-- Extracted records --
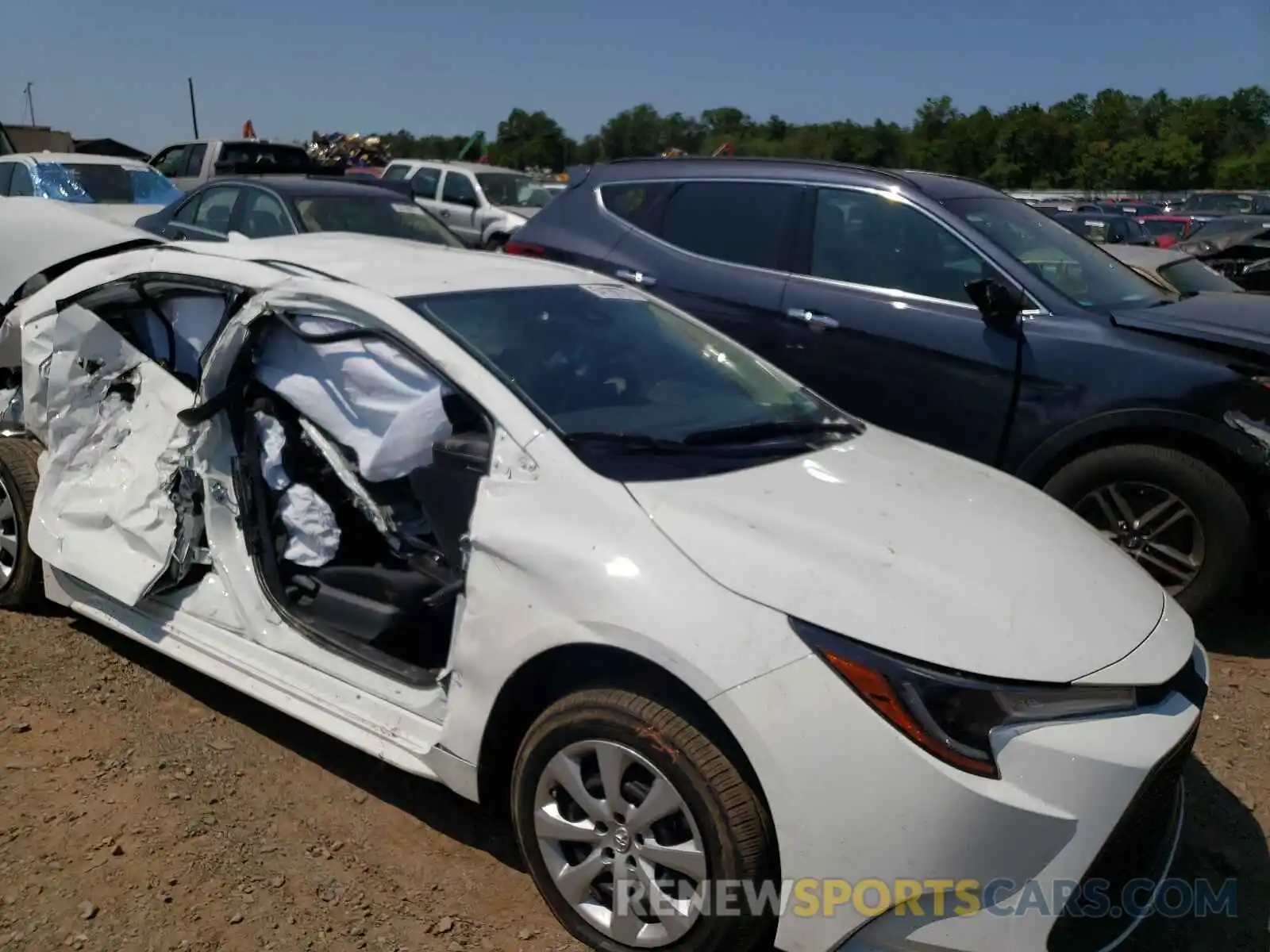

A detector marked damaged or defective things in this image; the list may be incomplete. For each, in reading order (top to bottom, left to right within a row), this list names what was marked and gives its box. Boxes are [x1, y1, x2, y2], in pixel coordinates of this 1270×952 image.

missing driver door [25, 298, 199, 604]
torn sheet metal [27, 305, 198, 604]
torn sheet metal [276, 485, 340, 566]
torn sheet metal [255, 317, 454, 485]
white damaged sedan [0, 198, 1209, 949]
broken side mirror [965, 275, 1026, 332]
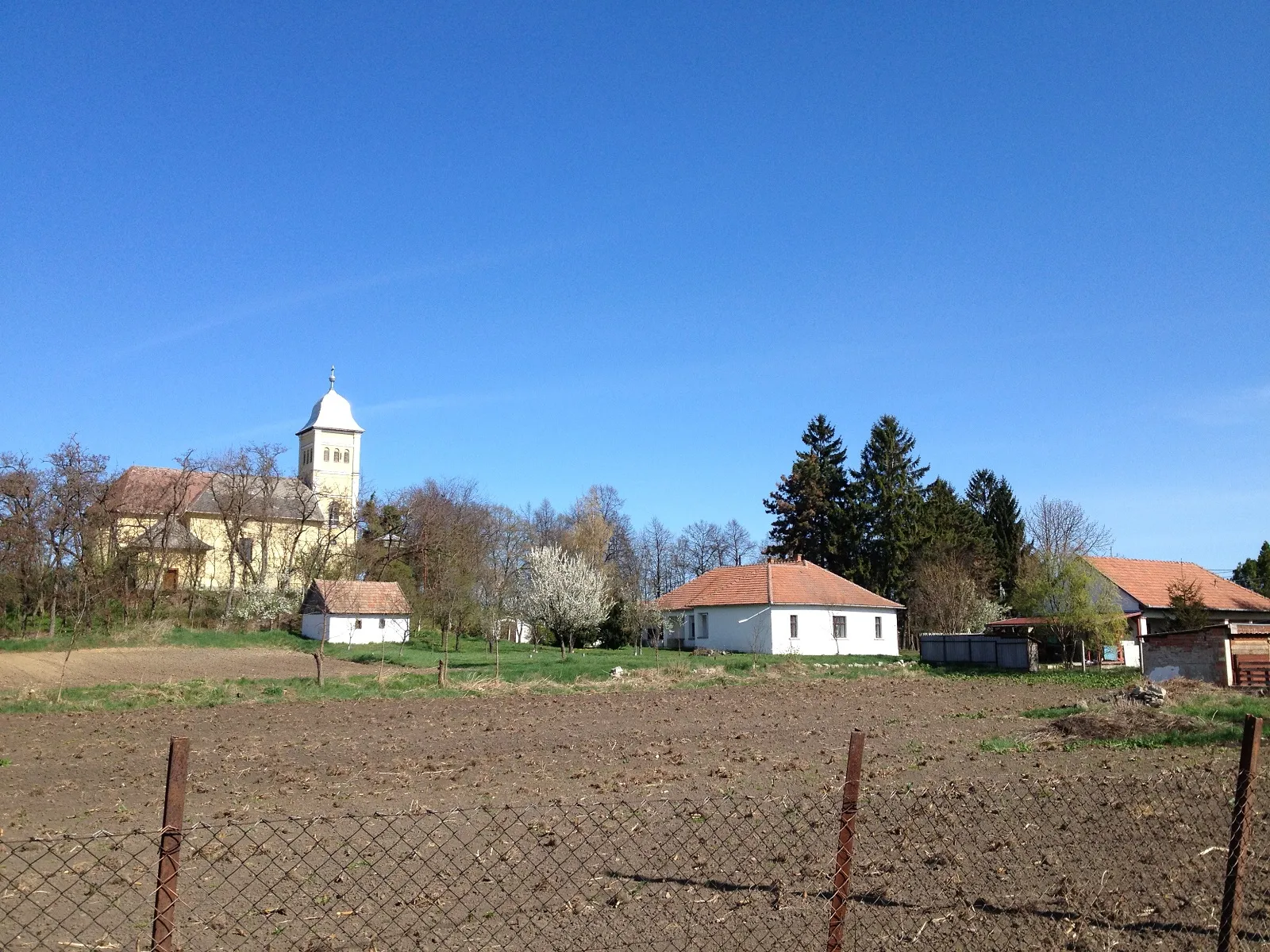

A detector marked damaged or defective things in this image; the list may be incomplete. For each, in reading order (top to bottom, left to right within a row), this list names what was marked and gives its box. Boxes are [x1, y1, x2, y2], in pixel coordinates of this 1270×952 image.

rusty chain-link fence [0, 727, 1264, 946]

-- Problem --
Please give the records again word for word, omitting all images.

-- Response to the exercise --
A detector marked damaged or defective things in this image; the list may be incomplete. For each, in reading order (top to bottom, left to right within a row), this list names what was marked and gives its box. Boxes are [x1, y1, x2, y2], in pixel coordinates of this 1270×952 image.

missing driver door [25, 298, 199, 604]
torn sheet metal [27, 305, 198, 604]
torn sheet metal [276, 485, 340, 566]
torn sheet metal [255, 317, 454, 485]
white damaged sedan [0, 198, 1209, 949]
broken side mirror [965, 275, 1026, 332]

A detector marked damaged or defective things in this image; the list may be incomplete. For each, in reading order (top to bottom, left to right within a row), this list names what was marked and gives its box. Boxes are [x1, y1, x2, y2], in pixel coordinates of this 1270×952 image.

rusty chain-link fence [0, 727, 1264, 946]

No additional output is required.